UNITED STATES DISTRICT COURT NORTHERN DISTRICT OF CALIFORNIA
Nov 20, 2017
Case No.16-cv-03283-HRL (N.D. Cal. Nov. 20, 2017)

Opinion

Case No.16-cv-03283-HRL

11-20-2017

MICAELA OCHOA, Plaintiff, v. SANTA CLARA COUNTY OFFICE OF EDUCATION, et al., Defendants.


ORDER ON MOTIONS IN LIMINE

Dkt. Nos. 58, 62, 63, 64

Plaintiff Micaela Ochoa ("Ochoa") sues her former employer, the Santa Clara County Office of Education ("SCCOE"), and its superintendent, Jon Gundry ("Gundry") (collectively "Defendants"), for retaliatory termination in violation of her First Amendment rights and California Labor Code Section 1102.5. This order addresses four motions in limine presented by the parties.

The Court presumes that the reader is familiar with the facts of the case, which are discussed in the Court's order on Defendants' motion for summary judgment. Dkt. No. 52. --------

I. PLAINTIFF'S MOTION IN LIMINE NO. 2

Ochoa seeks an order excluding Patty White and Richard Noack from testifying at trial. White and Noack are both attorneys who served as outside counsel to SCCOE staff on labor and employment issues. Ochoa argues that Defendants previously asserted attorney-client privilege as to communications involving the two attorneys, and that Defendants are attempting to belatedly raise an implicit advice of counsel defense. Defendants dispute the extent to which they claimed privilege as to communications with White and Noack, and argue that White and Noack will testify only to the non-privileged portions of their communications with Defendants. The Court grants Ochoa's motion in part and denies it in part.

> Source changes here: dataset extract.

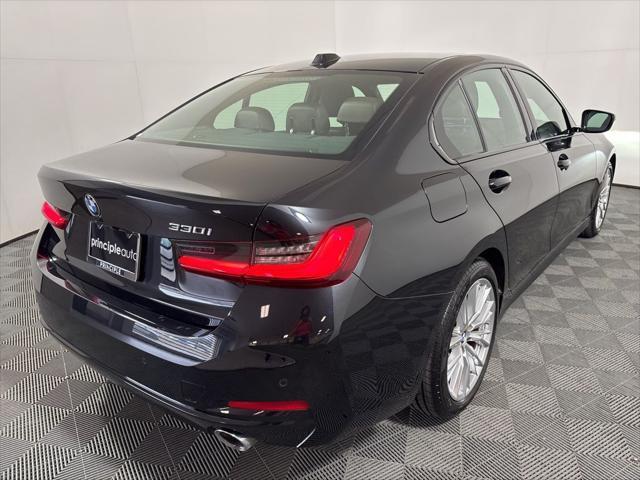 used 2023 BMW 330 car, priced at $34,962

During discovery, Defendants repeatedly asserted attorney-client privilege as to communications involving White and Noack. Most notably, in March 2017, Defendants produced redacted e-mails between Philip Gordillo, SCCOE's human resources manager, and the two attorneys. Defendants included a privilege log with the e-mail production. After the close of fact discovery, however, Defendants proposed to call White and Noack as witnesses to testify to events leading up to Ochoa's termination, the preparation of Ochoa's termination letter, and, in the case of White only, SCCOE's response to Public Records Act requests. Defendants then produced unredacted versions of the e-mails.

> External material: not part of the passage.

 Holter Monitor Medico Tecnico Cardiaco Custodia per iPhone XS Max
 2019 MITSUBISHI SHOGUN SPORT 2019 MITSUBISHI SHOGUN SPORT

The attorney-client privilege attaches to confidential communications between an attorney and a client for the purpose of conveying or obtaining legal advice. The privilege protects "the substance of the communications . . . not the fact that there have been communications." United States v. Kendrick, 331 F.2d 110, 113 (4th Cir. 1964). While voluntary disclosure of part of a confidential communication can waive the privilege as to the rest of that communication, Handgards, Inc. v. Johnson & Johnson, 413 F. Supp. 926, 929 (N.D. Cal. 1976), disclosing that a communication occurred and when it occurred does not constitute waiver, Western United Life Assurance Co. v. Fifth Thrid Bank, No. 02-C-7315, 2004 WL 2583916 (N.D. Ill. Nov. 12, 2004) ("Finding a partial disclosure and resultant waiver based on [an exchange revealing that a conversation occurred and a "terse" suggestion of the topic] would be tantamount to finding a waiver based on the mention and cursory description of a document in a privilege log.").

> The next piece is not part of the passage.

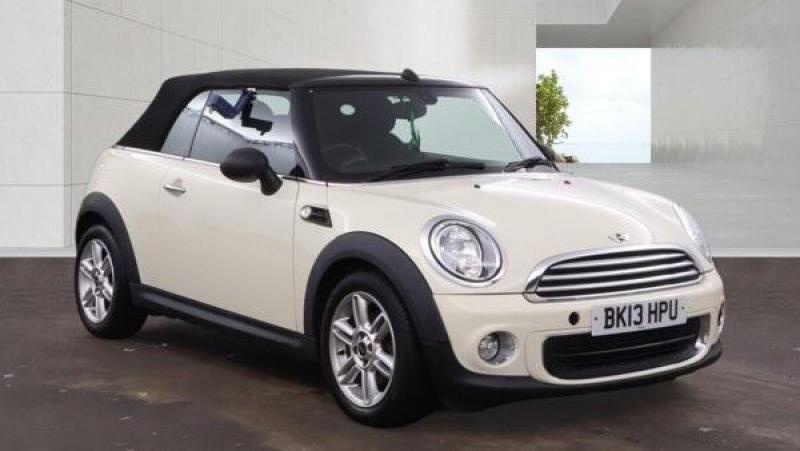 2013 Mini Convertible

In Columbia Pictures Television, Inc. v. Krypton Broadcasting of Birmingham, Inc., 259 F.3d 1186 (9th Cir. 2001), the Ninth Circuit affirmed the district court's decision to preclude an advice of counsel defense where the defendant refused to answer questions regarding "relevant communications with counsel until the 'eleventh hour[.]'" Columbia Pictures, 259 F.3d at 1196. When the defendant later attempted to argue that he had relied on the advice of his attorney, the court was within its discretion to prevent the defendant from testifying to communications he had previously claimed were privileged. Id. "The privilege which protects attorney-client communications may not be used both as a sword and a shield." Id. (citation omitted).

Here, to the extent that Defendants are offering the testimony of White and Noack as part of an advice of counsel defense, the Court grants Ochoa's motion. Defendants did not properly assert this defense in their answer or their motion for summary judgment. Further, Defendants asserted attorney-client privilege as to much of the substance of the communications between Gordillo and White and Noack. Attorney-client privilege may not be used as a shield during discovery, and then a sword in the run-up to trial. See Columbia Pictures, 259 F.3d at 1196.

However, Defendants may present the non-privileged aspects of the communications between Gordillo and White and Noack (i.e., the fact that the communications occurred, when they occurred, and the subject of those communications, as described in the privilege log). Defendants produced this information to Ochoa during discovery, and the timing of these communications is probative of Defendants' assertion that Ochoa's dismissal was not the result of retaliation.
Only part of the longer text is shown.